Even if Jake was a perfectly respectable, nice (albeit shy) guy, he had never bothered to say hello, and I was startled. So I started driving a different car and switched my parking lot soon thereafter.
It might seem like an overreaction at first to change my routine and even my car, but I swear to you the fear associated with this experience is something women all over campus feel every day. With the shedding of winter layers, I would like to issue a reminder I feel, sadly, is needed: respect your fellow students.
I have felt disrespected here. I have felt horror and I have felt disgust. Sometimes it is a whistle or catcall when crossing High Street. Sometimes it is the man who tries to spark conversation and follows you for a half a mile between your classes. Sometimes it is the man who stops you, stares at your cleavage and declares that you look “very exotic.”
Sometimes it’s the man you met in front of Hagerty Hall who you hang out with once, only to have him jack off next to you at the movie theater. And sometimes it is the teaching associate who kept touching you in class and justifies it by saying you were his “crush” all semester.
The biggest issue with all of it is that nobody around ever stopped to help. If they noticed and kept moving, it is a problem. If they did not notice, it is an even bigger problem. I did not know where to go, who to turn to for help, and frankly it sucked.
Ohio State — God knows I love it — has some really screwed up issues when it comes to women. I came to OSU a naive girl, taking classes that ended after dark and was approached on the bus ride and walk to the parking lot my first night here.

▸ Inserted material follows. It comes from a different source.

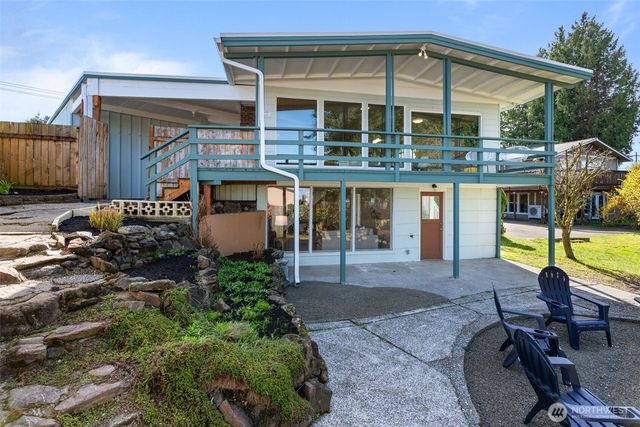 1710 N Bridgeview Dr, Tacoma, WA 98406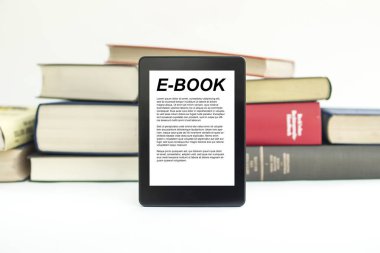 E-kitap aygıt beyaz izole arka planda kitaplarla.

Now I understand why my coworkers laughed when they pulled out their matching pink pepper spray. I get it and I carry some, too. And there lies the irony — we laugh because our safety at times feels like one gigantic joke. I do not feel safe here after dark, and I do not feel all that much safer in the light.
I do not have any perfect solutions. But I wish, I really, really wish somebody had warned me what it would actually be like to be a female student at the Ohio State University.